Swedish-American electrical engineer and inventor (1878–1975)

Ernst Frederick Werner Alexanderson (/sv/; January 25, 1878 – May 14, 1975) was a Swedish-American electrical engineer and inventor who was a pioneer in radio development. He invented the Alexanderson alternator, an early radio transmitter used between 1906 and the 1930s for longwave long distance radio transmission. Alexanderson also created the amplidyne, a direct current amplifier used during the Second World War for controlling anti-aircraft guns.

==Background==
Alexanderson was born in Uppsala, Sweden. He studied at the University of Lund (1896–97) and was educated at the Royal Institute of Technology in Stockholm and the Technische Hochschule in Berlin, Germany. He emigrated to the United States in 1902 and spent much of his life working for the General Electric and Radio Corporation of America.

==Engineering work==
Alexanderson designed the Alexanderson alternator, an early longwave radio transmitter, one of the first devices which could transmit modulated audio (sound) over radio waves. He had been employed at General Electric for only a short time when GE received an order from Canadian-born professor and researcher Reginald Fessenden, then working for the US Weather Bureau, for a specialized alternator with much higher frequency than others in existence at that time, for use as a radio transmitter. Fessenden had been working on the problem of transmitting sound by radio waves, and had concluded that a new type of radio transmitter was needed, a continuous wave transmitter. Designing a machine that would rotate fast enough to produce radio waves proved a formidable challenge. Alexanderson's family were convinced the huge spinning rotors would fly apart and kill him, and he set up a sandbagged bunker from which to test them. In the summer of 1906 Mr. Alexanderson's first effort, a 50 kHz alternator, was installed in Fessenden's radio station in Brant Rock, Massachusetts. By fall its output had been improved to 500 watts and 75 kHz. On Christmas Eve, 1906, Fessenden made an experimental broadcast of Christmas music, including him playing the violin, that was heard by Navy ships and shore stations down the East Coast as far as Arlington. This is considered the first AM radio entertainment broadcast.

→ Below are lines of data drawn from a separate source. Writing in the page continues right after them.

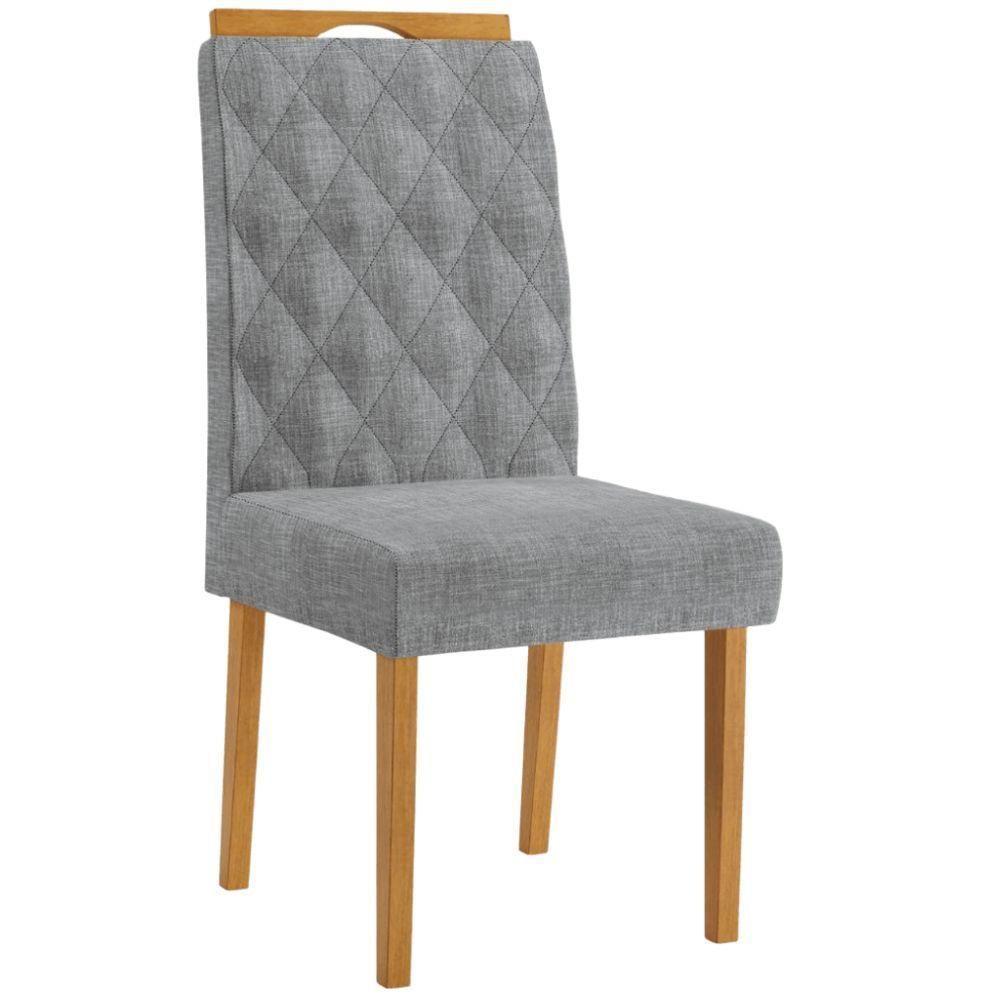 Conjunto 2 Cadeiras Rubi Linho Cinza Pés Em Madeira Jcm - 4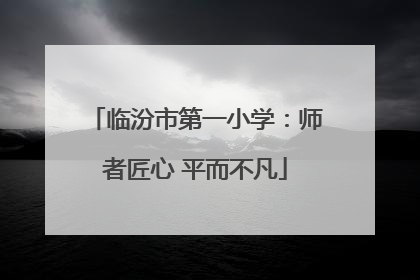 临汾市第一小学：师者匠心 平而不凡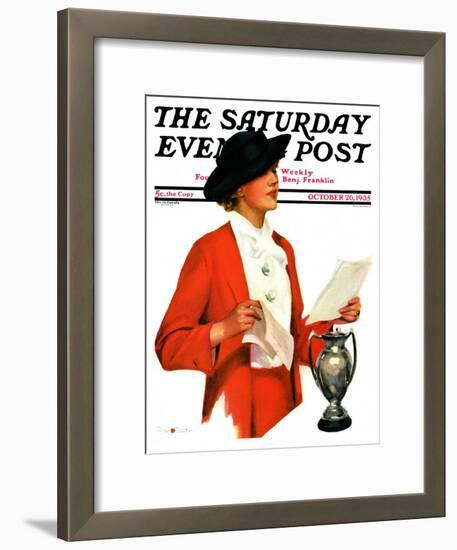 "Woman Reading Letter," Saturday Evening Post Cover, October 26, 1935-Penrhyn Stanlaws-Framed Giclee Print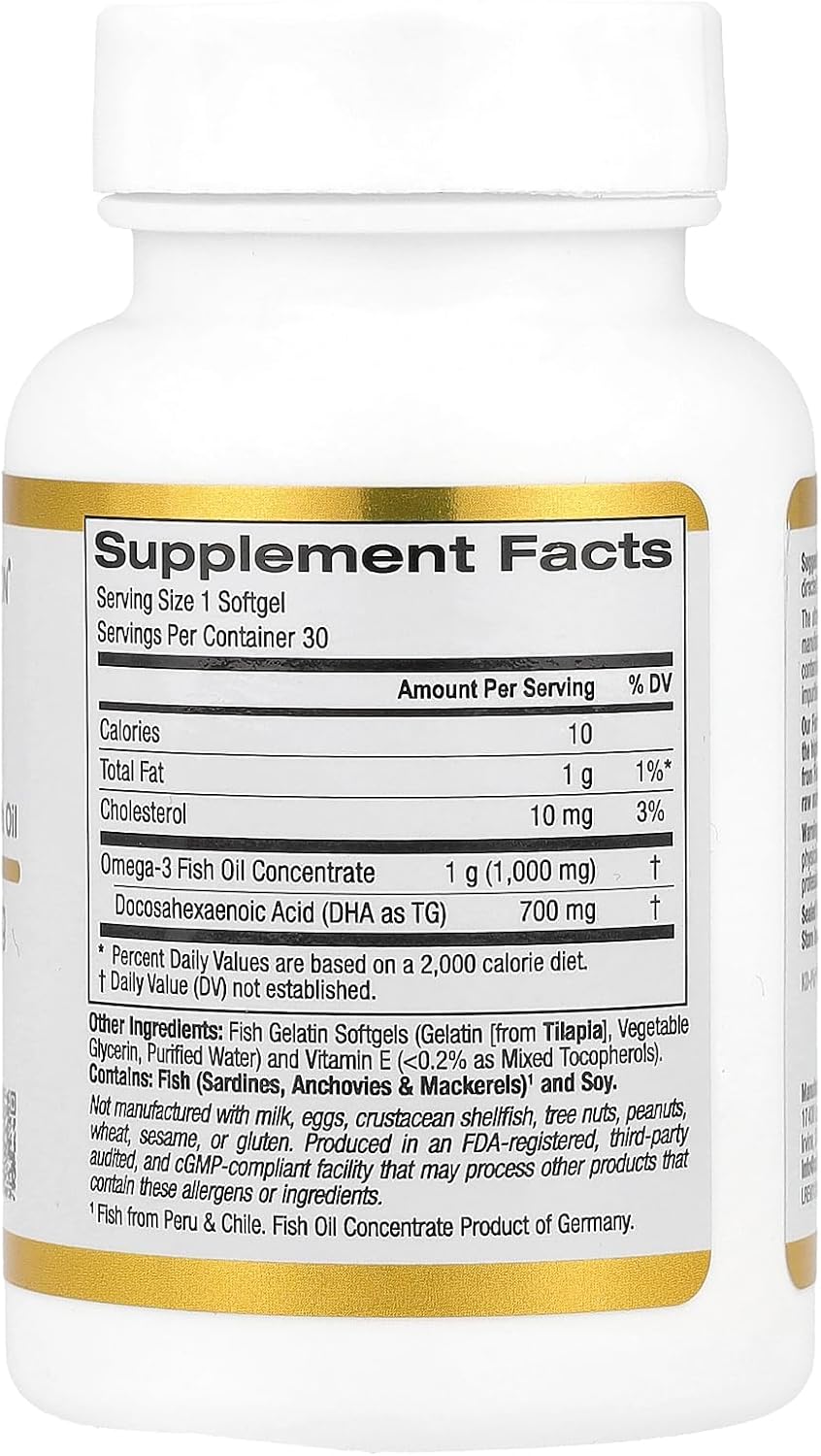 Pharmaceutical Grade DHA 700 Fish Oil Softgels - Brain & Heart Health Support - Gluten Free, Non-GMO - 1000 mg - 30 ct.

Alexanderson continued improving his machine, and the Alexanderson alternator became widely used in high power very low frequency commercial and Naval wireless stations to transmit radiotelegraphy traffic at intercontinental distances, until by the 1930s it was replaced by vacuum tube transmitters. The only surviving transmitter in a working state is at the Grimeton radio station outside Varberg, Sweden. It is a prime example of pre-electronic radio technology and was added as a UNESCO's World Heritage Site list in 2004.

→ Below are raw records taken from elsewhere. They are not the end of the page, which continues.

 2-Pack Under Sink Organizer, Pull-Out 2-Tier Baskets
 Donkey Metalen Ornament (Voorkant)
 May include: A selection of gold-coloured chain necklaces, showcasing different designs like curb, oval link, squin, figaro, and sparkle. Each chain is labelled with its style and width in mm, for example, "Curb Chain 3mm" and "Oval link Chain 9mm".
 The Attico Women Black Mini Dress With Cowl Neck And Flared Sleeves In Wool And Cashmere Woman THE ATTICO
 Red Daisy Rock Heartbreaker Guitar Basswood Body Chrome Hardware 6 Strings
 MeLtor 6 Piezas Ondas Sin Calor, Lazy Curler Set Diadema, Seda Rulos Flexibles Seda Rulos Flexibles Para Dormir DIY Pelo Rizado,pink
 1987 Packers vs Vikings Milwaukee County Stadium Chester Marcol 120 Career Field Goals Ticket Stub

Alexanderson was also instrumental in the development of television. The first television broadcast in the United States was received in 1927 at his GE Plot home at 1132 Adams Rd, Schenectady, N.Y. The following year he developed the coordination of sound and movement on the first television drama, The Queen's Messenger. In 1930, he conducted an early public demonstration of his large screen television system on a closed-circuit channel at Proctors in Schenectady.

Alexanderson retired from General Electric in 1948. The inventor and engineer remained active to an advanced age. He continued television research as a consultant for the Radio Corporation of America filing his 321st patent application in 1955. Over his lifetime, Alexanderson received 345 US patents, the last filed in 1968 at age 89. He died in 1975 and was buried at Vale Cemetery in Schenectady, New York.

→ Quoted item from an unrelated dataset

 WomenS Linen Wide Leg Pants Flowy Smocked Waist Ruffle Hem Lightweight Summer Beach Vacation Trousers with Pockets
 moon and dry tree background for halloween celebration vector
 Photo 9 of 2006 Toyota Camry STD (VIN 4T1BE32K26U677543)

Alexanderson is also mentioned in connection with the emergence of the patent system, that he was partially critical to. As the technology historian David Noble writes:

The change in the focus of the patent system, from the protection of the inventor to the protection of the corporation which either employed the inventor or purchased his patents, was succinctly phrased by E.F.W. Alexanderson, a Swedish immigrant who became one of GE's early leading research engineers. "The patent system was established, I believe", he said, "to protect the lone inventor. In this it has not succeeded ... the patent system protects the institutions which favor invention".

==Kidnapping incident==
In 1923, Alexanderson's son, Verner, was kidnapped. Alexanderson broadcast an appeal for help on the radio. The child was located after three days and returned to his family. The kidnappers were later caught.

==Honors==
- IEEE Medal of Honor from the Institute of Radio Engineers, now IEEE, (1919)
- IEEE Edison Medal from the American Institute of Electrical Engineers, now IEEE, (1944)
- Valdemar Poulsen Gold Medal from the Danish Academy of Technical Sciences (1947)
- National Inventors Hall of Fame induction (1983)
- Consumer Electronics Hall of Fame induction (2002)

== Patents ==
Ernst was very active and got a total of 345 patents granted.

- – High frequency alternator (100 kHz), filed April 1909; issued, November 1911
- – Selective Tuning System (Tuned RF Circuit, filed October 1913; issued February 1916
- – Ignition system, (RFI suppressor), filed June 1926; issued August 1929
- – Radio signaling system (directional antenna), filed November 1927, issued September 1930

==See also==
- History of numerical control

==Other sources==
- Blackwelder, Julia Kirk (2014) Electric City: General Electric in Schenectady (Texas A&M University Press) ISBN 978-1623491864
- Brittain, James E. (1992) Alexanderson: Pioneer in American Electrical Engineering (Johns Hopkins University Press) ISBN 978-0801842283
- Fisher, David E. and Marshall J. Fisher (1996) Tube, the Invention of Television (Counterpoint, Washington D.C) ISBN 1-887178-17-1

==Related reading==
- Alexanderson, E.F.W. (August 1920) Trans-oceanic Radio Communication (Proceedings of the I.R.E., pp. 263–285)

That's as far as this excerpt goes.